Output all of the lines below exactly, and leave out each image.

● GIVEN MATERIAL:
►
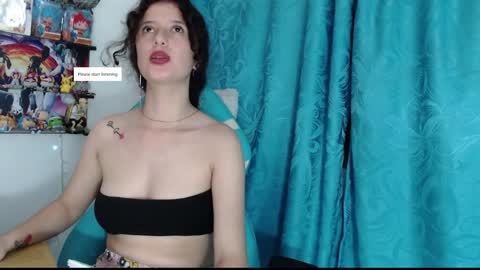 Snapshot of venusandfantashi_gh1 chatting on 12.18.24 venusHelp me reach 100 like honey online show from 12.18.24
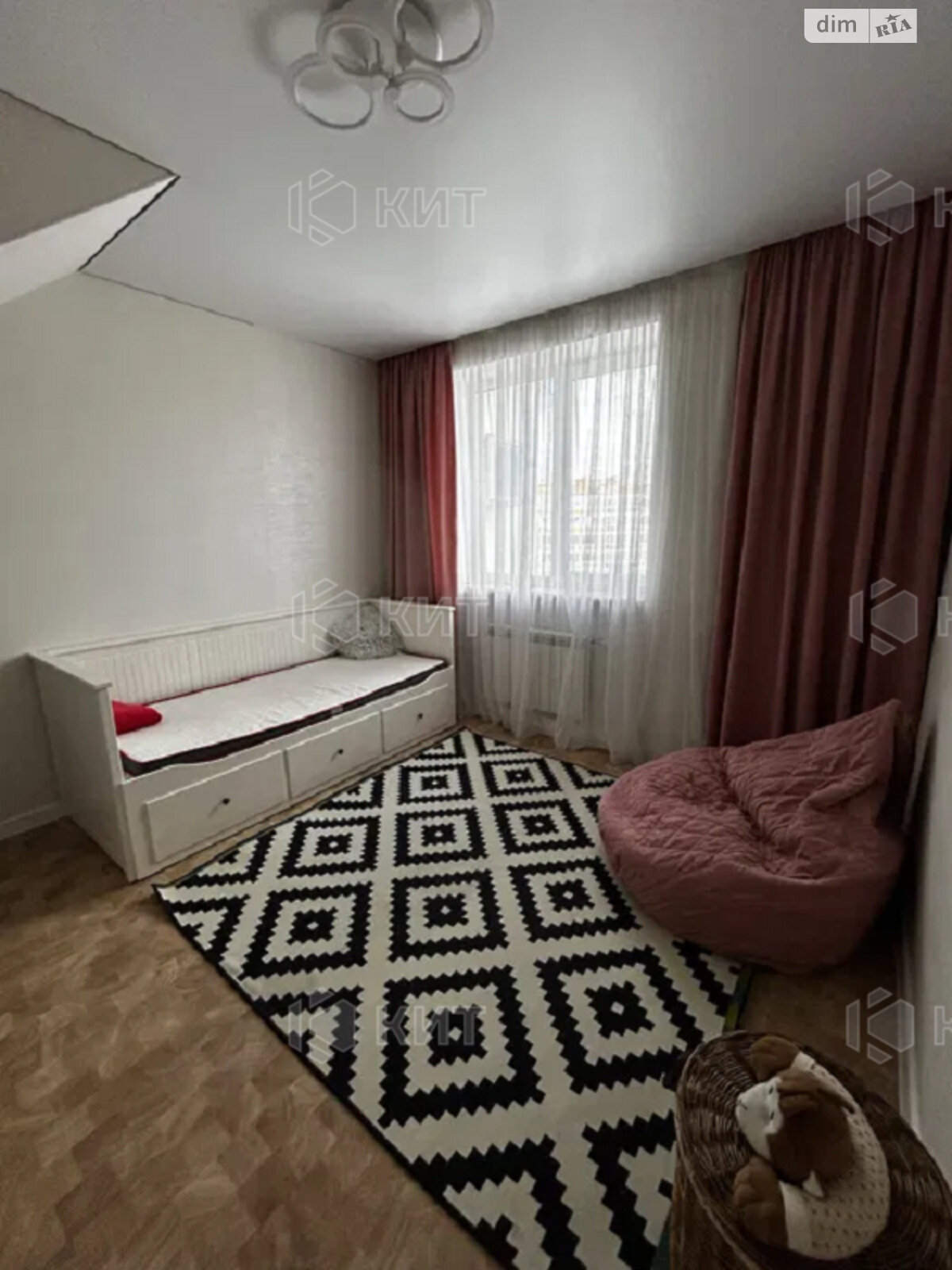 Продаж чотирикімнатної квартири в Харкові, на пров. Лосівський 4, район Центр фото 1 Продаж чотирикімнатної квартири в Харкові, на пров. Лосівський 4, район Центр фото 1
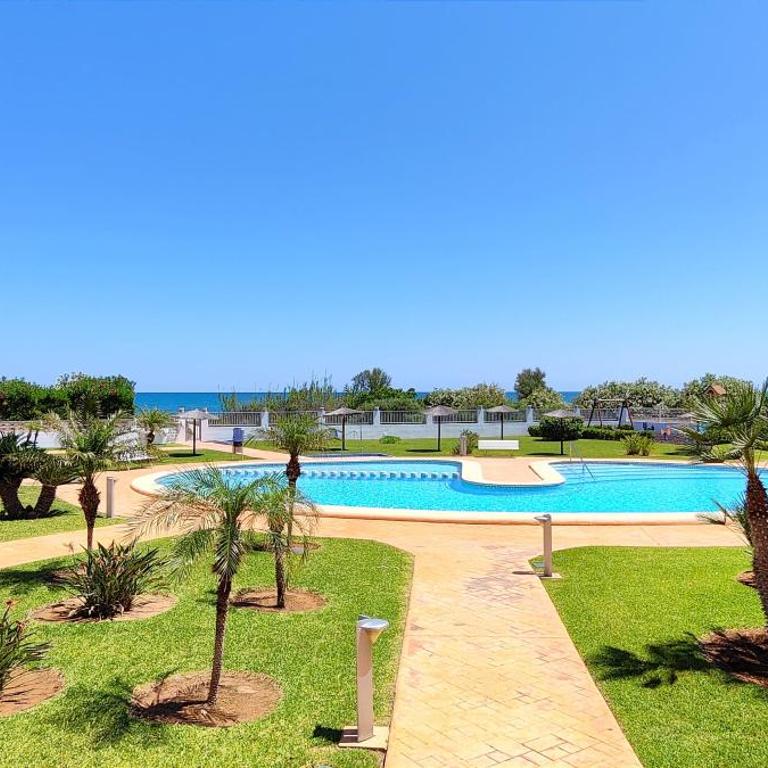 Apartamento Jardines de Deveses by DENIA COSTA - Apartamento de 3 dormitorios - 56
◄
● TASK RESULT:
 Snapshot of venusandfantashi_gh1 chatting on 12.18.24 venusHelp me reach 100 like honey online show from 12.18.24
 Продаж чотирикімнатної квартири в Харкові, на пров. Лосівський 4, район Центр фото 1 Продаж чотирикімнатної квартири в Харкові, на пров. Лосівський 4, район Центр фото 1
 Apartamento Jardines de Deveses by DENIA COSTA - Apartamento de 3 dormitorios - 56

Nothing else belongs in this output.